# Work instructions:
Repeat the listing below verbatim, without its images.
[Given data]
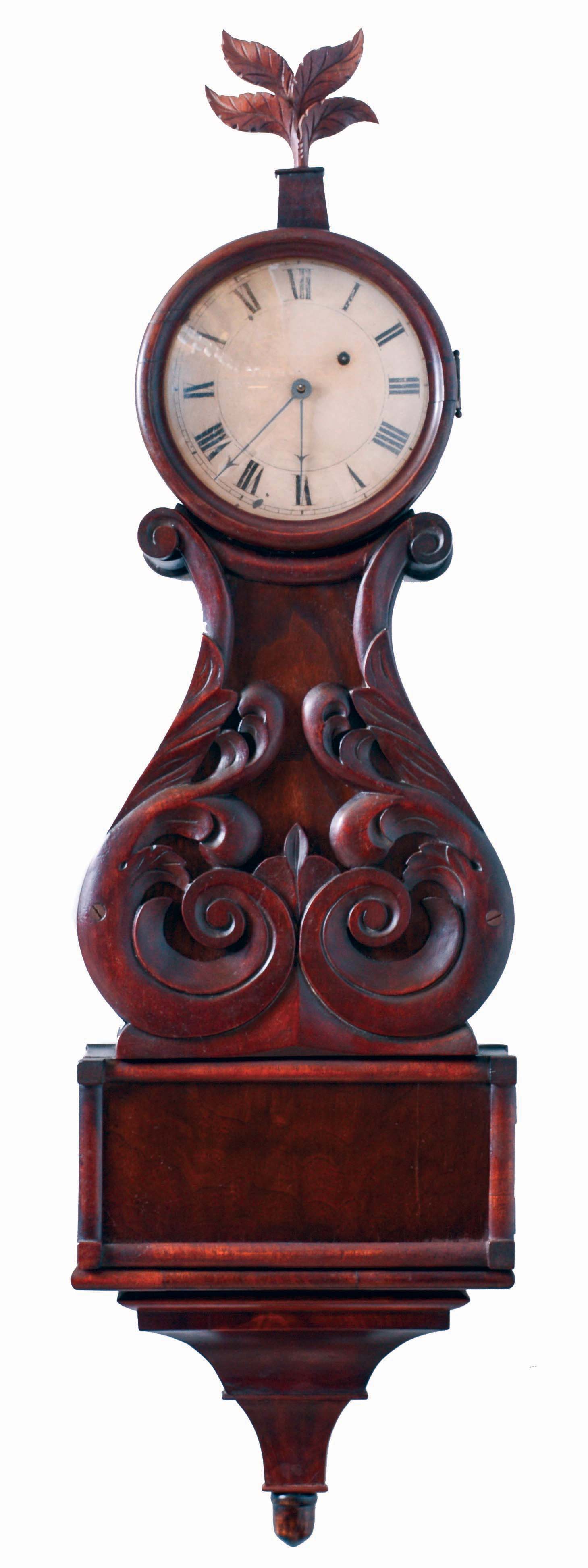 Boston area lyre clock, mahogany and mahogany veneer case with turned wooden bezel, leaf and scroll carved throat panel, bull nose molded lower door and with veneered bracket, carved leaf form finial, Roman numeral white painted sheet iron dial, 8 days, weight driven brass timepiece movement, c1830 — Antique Clocks Price Guide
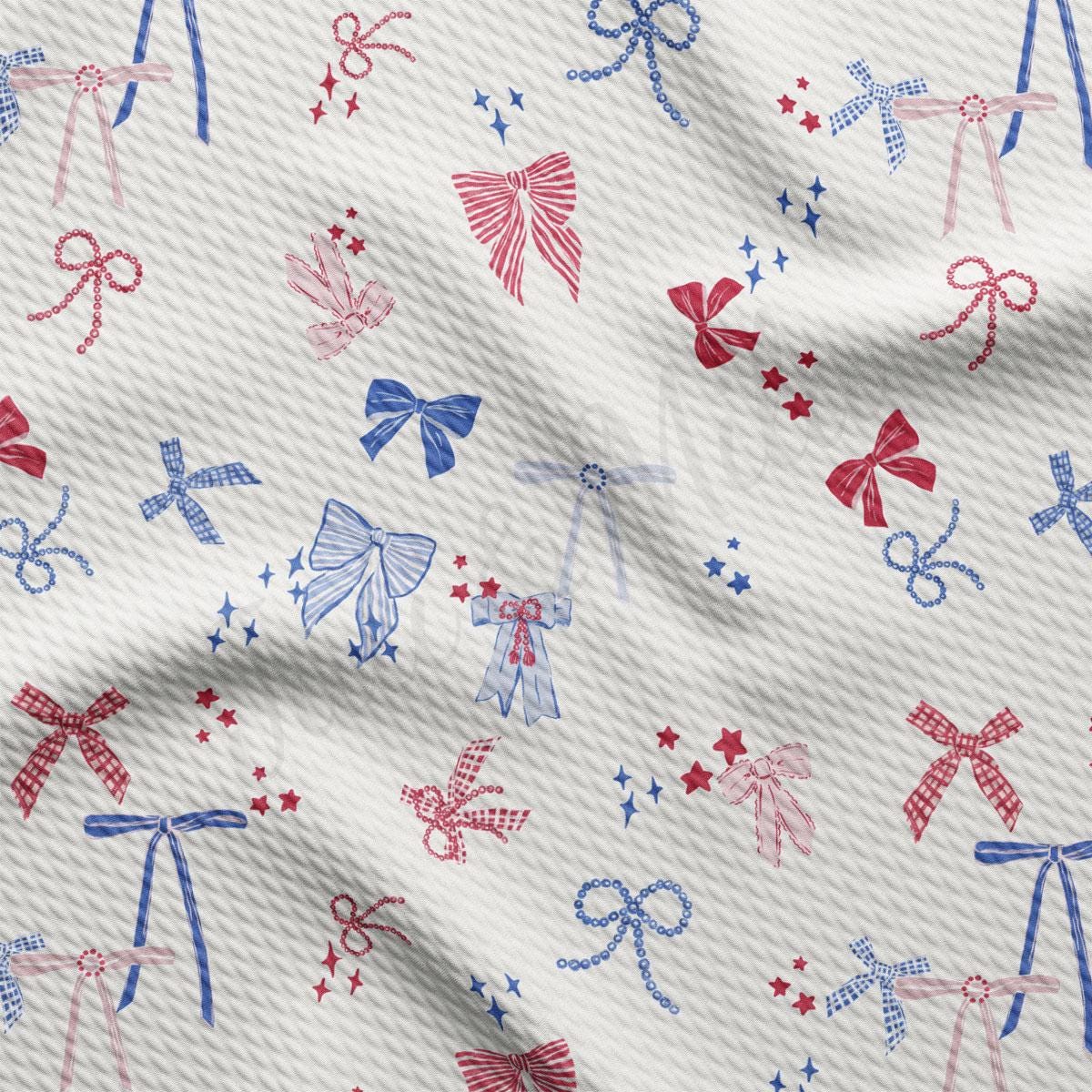 a white fabric with red, white, and blue bows on it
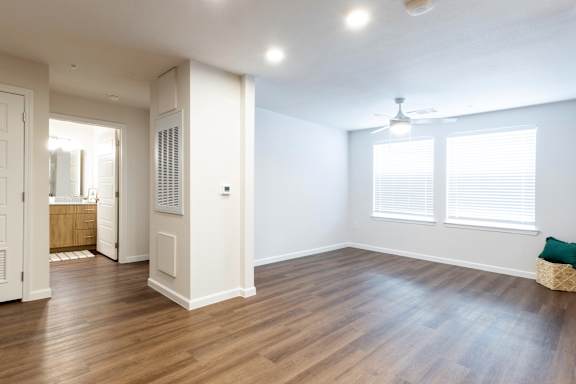 A room with wooden floors and a window with blinds.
[/Given data]
# Answer to this problem:
 Boston area lyre clock, mahogany and mahogany veneer case with turned wooden bezel, leaf and scroll carved throat panel, bull nose molded lower door and with veneered bracket, carved leaf form finial, Roman numeral white painted sheet iron dial, 8 days, weight driven brass timepiece movement, c1830 — Antique Clocks Price Guide
 a white fabric with red, white, and blue bows on it
 A room with wooden floors and a window with blinds.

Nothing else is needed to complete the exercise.